Théâtre

Fragments d’une vie de merde constellée d’éclats de révolte

La faculté des rêves au théâtre du Nord jusqu’au 30 janvier

par PAUL K’ROS
Publié le 24 janvier 2020 à 18:50

C’est l’histoire de Valerie Solanas, née en 1936 dans un coin désert de Géorgie, violée dès l’âge de 9 ans par son père et plus tard par son beau-père à l’écart des regards distraits et insoucieux de sa mère Dorothy.

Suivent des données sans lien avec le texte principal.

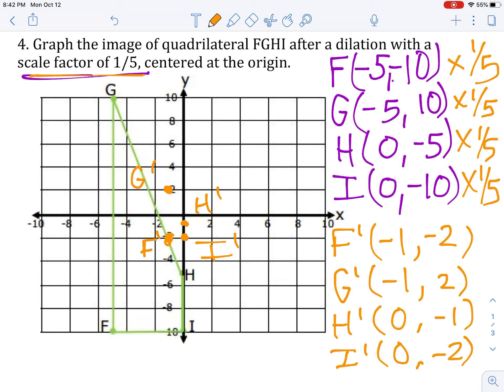Now we can go ahead and connect our points. And remember, this should be the same shape — the only thing that's changing is our size. So we can tell it looks like the same shape, but now our size has changed, and it is a reduction because our scale factor is less than one.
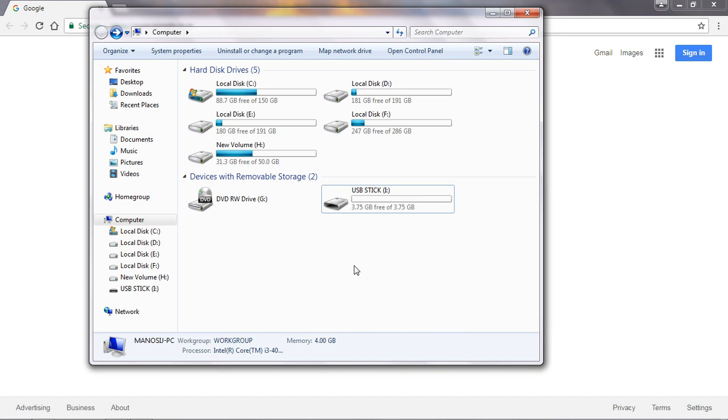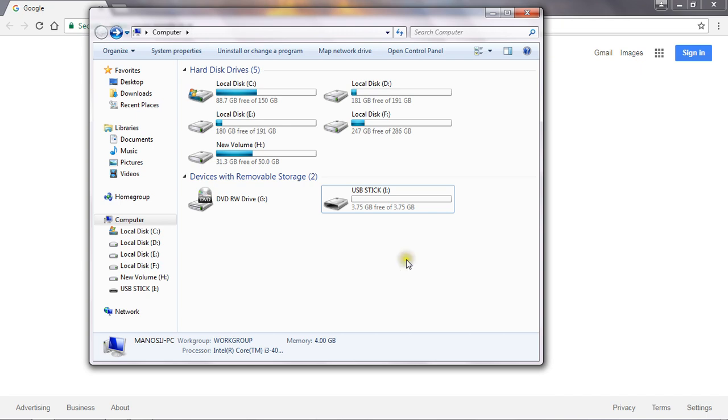So using these easy steps you can use your pen drive as a RAM of your system. So friends, hope you like my video. Please subscribe my channel, share my videos as much as possible. That's all from this video. Keep watching Netizens Forum. Thank you.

C’est l’histoire de la jeune et brillante étudiante, éprise d’indépendance absolue, rêvant d’écriture, auteure d’un manifeste SCUM, pamphlet prônant l’éradication des mâles, la fin du patriarcat et de la domination capitaliste et s’autoproclamant première pute intellectuelle d’Amérique.

C’est l’histoire de l’écrivaine à l’utopie rageuse, qui, le 3 juin 1968, tire trois balles sur l’artiste gourou Andy Warhol, lequel ne s’en remettra jamais pas plus qu’elle, clochardisée, prostituée, bourrée d’amphétamines, trimballée 20 ans durant de tribunaux en prisons et hôpitaux psychiatriques pour mourir solitaire, oubliée de tous, en 1988 dans un hôtel miteux de San Francisco.

Une performance artistique

Ce n’est pas une biographie mais une fiction, un roman fiévreux, La faculté des rêves, écrit par la suédoise Sara Stridsberg fascinée par ce personnage hors norme. Au théâtre du Nord, Christophe Rauck en fait une suite kaléidoscopique de tableaux, séquencés par Lucas Samain, dans une scénographie très épurée, tracée au cordeau, rehaussée de couleurs vives (lumières Olivier Oudiou) qui envahissent le sol et l’espace comme une soudaine et salutaire bouffée d’air après une trop longue plongée en apnée. Les temps et les lieux s’y télescopent, les vivants et les morts aussi en autant de fragments d’une vie de merde constellée d’éclats de révolte.

Le personnage de Valerie Solanas est à la mesure et à la démesure du talent de Cécile Garcia-Fogel qui, de noir vêtue, s’en empare avec gourmandise (au point de le phagocyter ?) dans un registre qui va de la candeur enfantine outragée à la démarche ironique clocharde et clownesque d’un charlot en passant par une irrépressible véhémence teintée de cette monocorde langueur vocale qui est singulière à la comédienne.

Cécile Garcia-Fogel et Mélanie Menu dans La faculté des rêves.
© Jean-Louis Fernandez

En contrepoint, Christèle Tual apporte alternativement, avec bonheur, les notes très contrastées d’une Dorothy à la démarche chaloupée aguichante, au langage naïvement sucre d’orge et celles toutes en empathie et finement ciselées de la psychiatre Ruth Cooper. Le dialogue « poker menteur  » entre Ruth Cooper et Valerie Solanas étant sans doute l’une des scènes les plus prenantes et fortes avec aussi l’interrogatoire filmé de Valerie par Andy Wahrol (David Houri).

Mélanie Menu impressionne et en impose en Cosmogirl, amie et amante supposée ou en avocate commise d’office ; Pierre-Henri Puente troque avec une égale condescendance paternaliste non désintéressée les rôles de directeur d’études universitaire et d’éditeur en quête d’auteur. La narratrice (Anne Caillère) donne bizarrement l’impression de toujours courir après perdu et après son sujet.

La vidéo (Pierre Martin) fait le reste avec beaucoup d’habileté et d’efficacité. L’affaire (pour emprunter au langage judiciaire) est rondement menée avec de nombreux effets visuels très réussis.

Une impression de tourner en rond

Comment se fait-il alors que l’on éprouve assez rapidement le sentiment de tourner en rond et ressente tout à la fois l’impression d’un trop-plein et d’un manque ? La réponse est sans doute à chercher dans le sujet même de la pièce.

La disproportion est grande en effet entre la richesse inventive de la mise en scène et du travail d’acteur de Christophe Rauck et la minceur, la répétitivité et une certaine vacuité jusque dans ses excès du propos attribué à Valerie Solanas, trop singulier et daté dans le temps et l’espace pour atteindre le degré d’universalité capable de nous parler vraiment aujourd’hui.